I could not tell you now what prompted me to buy that CD. I did know Lanois' name as the producer of a couple of albums I was listening to at the time -- Robbie Robertson's self-titled debut (1987) and Dylan's Oh Mercy (1989), both of which did carry that recognizable Lanois ambience. It was a time when I was always on the lookout for something new to feed my ears. I must have read a review of Acadie or something that got me curious enough to pick it up one day.

Lanois recorded Acadie in New Orleans as part of a roots-discovery mission. He explained to Maron that the Cajun people in New Orleans (les Acadiens) are from the same line as Lanois' French Canadian family. Acadie, Lanois' debut album as a performer, leans heavily on traditional Cajun music filtered through his signature production style. 

The cover of a 2005 reissue that added a few outtakes

Lanois had some help from some of his all-star friends. Eno is on keyboards along with his brother Brian, Larry Mullen and Adam Clayton of U2 are the rhythm section. Aaron Neville does the lead vocals on the closing track, a Lanois-flavored take on the traditional hymn "Amazing Grace." It's one of the several highlights of the album.

I liked Acadie. It was never one of my favorites, but I did turn to it quite a bit for awhile. I gave it a listen earlier today for the first time in years. It was just as interesting and unique as I recall it -- a pleasant-enough listen though not one I am likely to return to any time soon. As I was listening, appreciatively, I was having a hard time understanding why this album connected to me as much as it did back in the day. I've always been and still am a rocker through and through, and not much here rings that bell for me. A couple of the tunes are fairly upbeat. But this album is all about Lanois exploring his French-speaking Cajun roots, to which I have zero connection. It's a little bit of a mystery, which says more about me than it does about this album.

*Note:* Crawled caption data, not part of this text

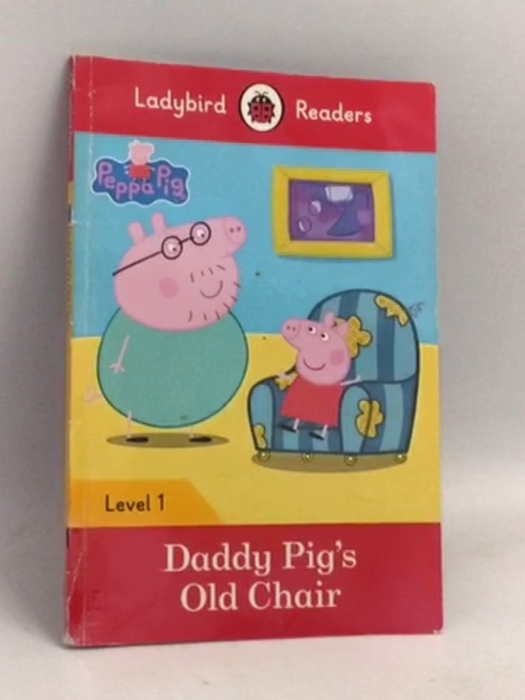 Peppa Pig: Daddy Pig's Old Chair  - Team Ladybird Readers; 
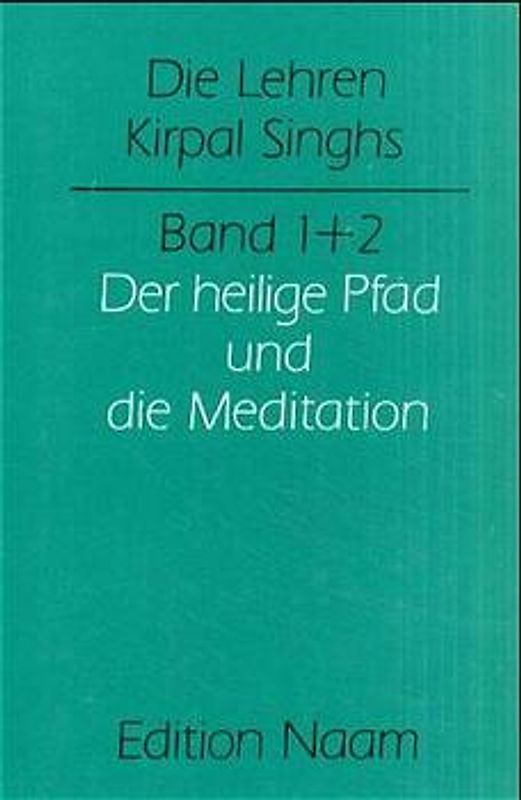 Die Lehren Kirpal Singh. Band 1-3. Gesamtausgabe    - nicht lieferbar - / Der heilige Pfad und die Meditation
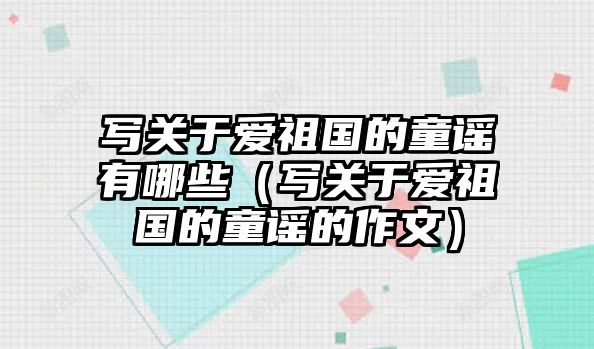 寫關(guān)于愛祖國的童謠有哪些（寫關(guān)于愛祖國的童謠的作文）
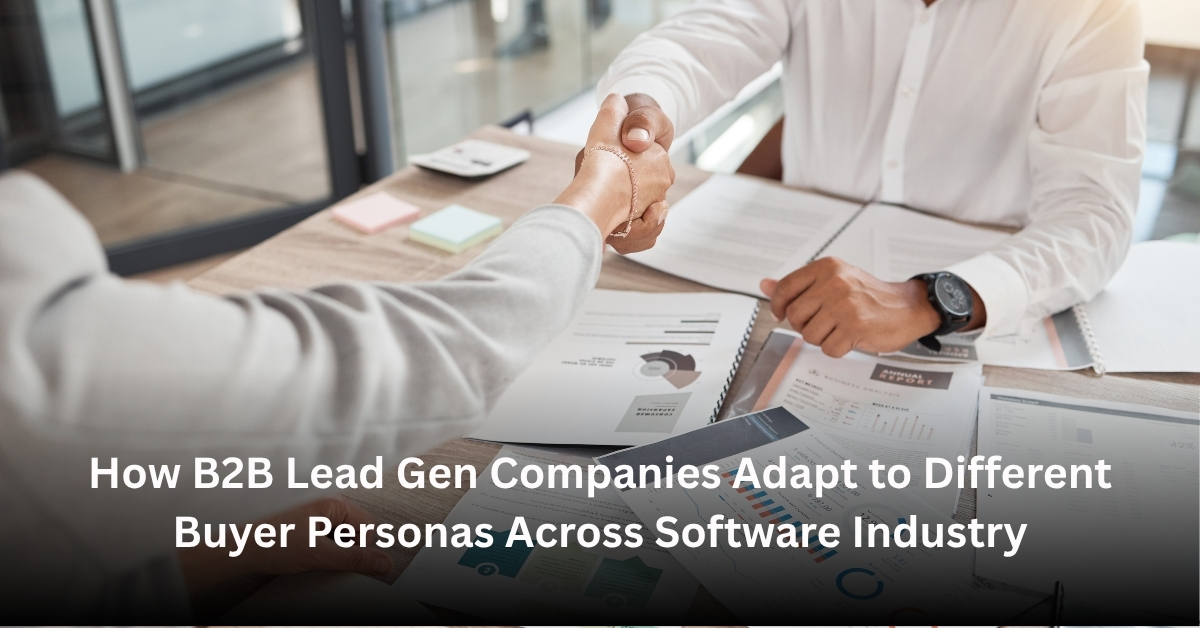 How B2B Lead Gen Companies Adapt to Different Buyer Personas Across Software Industry Blog Banner
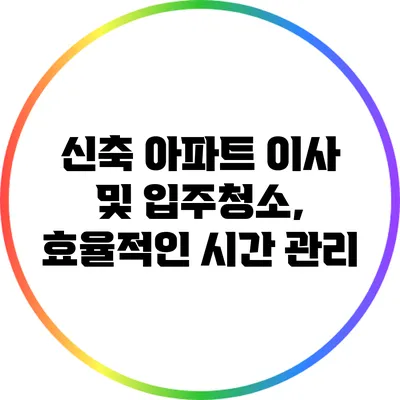 신축 아파트 이사 및 입주청소, 효율적인 시간 관리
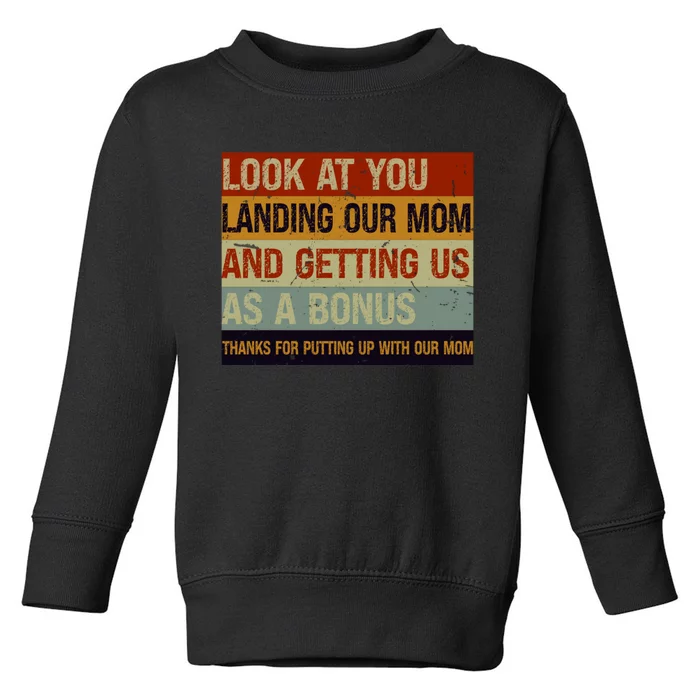 Look At You Landing Our Mom And Getting Us As A Bonus Toddler Sweatshirt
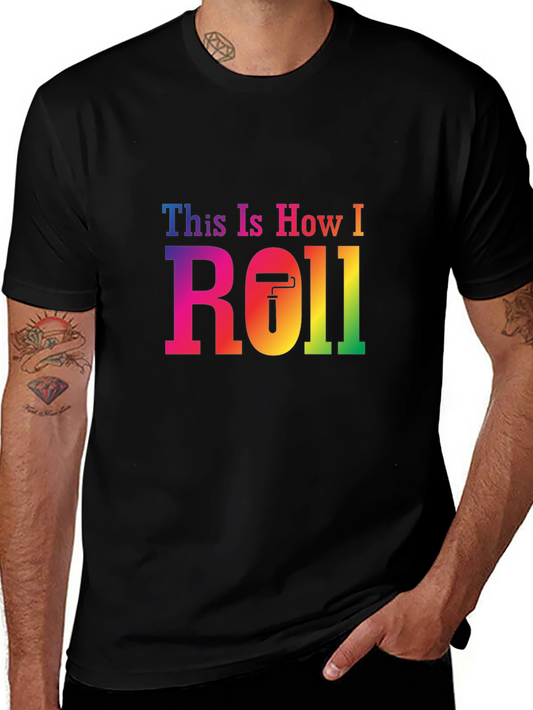 This Is How I Roll T-Shirt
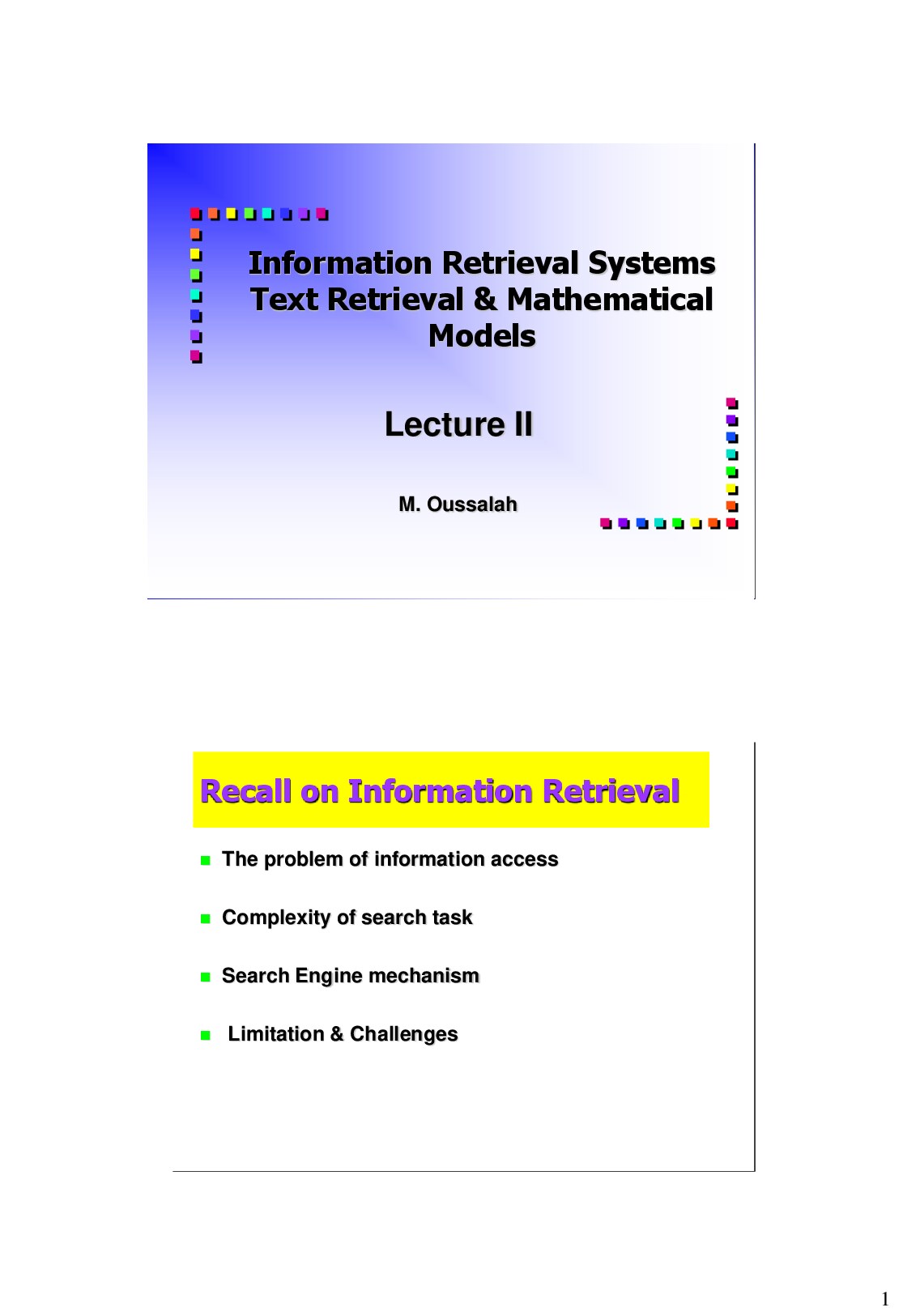 Lecture 2: Information Retrieval Systems Text Retrieval & Mathematical Models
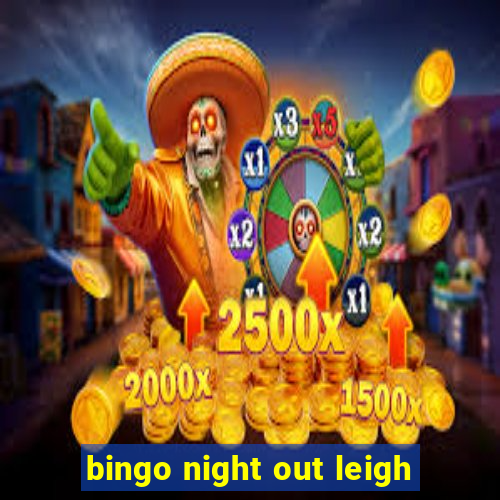 bingo night out leigh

Catching up: I was surprised when I looked into Lanois' discography today that he has released about a dozen solo albums over the years. I had always thought Acadie was pretty much a one-off vanity thing. But apparently he has had a pretty good side career as a performer. Here's a video of him back home in Toronto in 1989 performing a song from Acadie. I took a friend to see him at the 930 Club in the District right around this time. I don't remember much about it except that both of us left buzzing about how nice a show it was.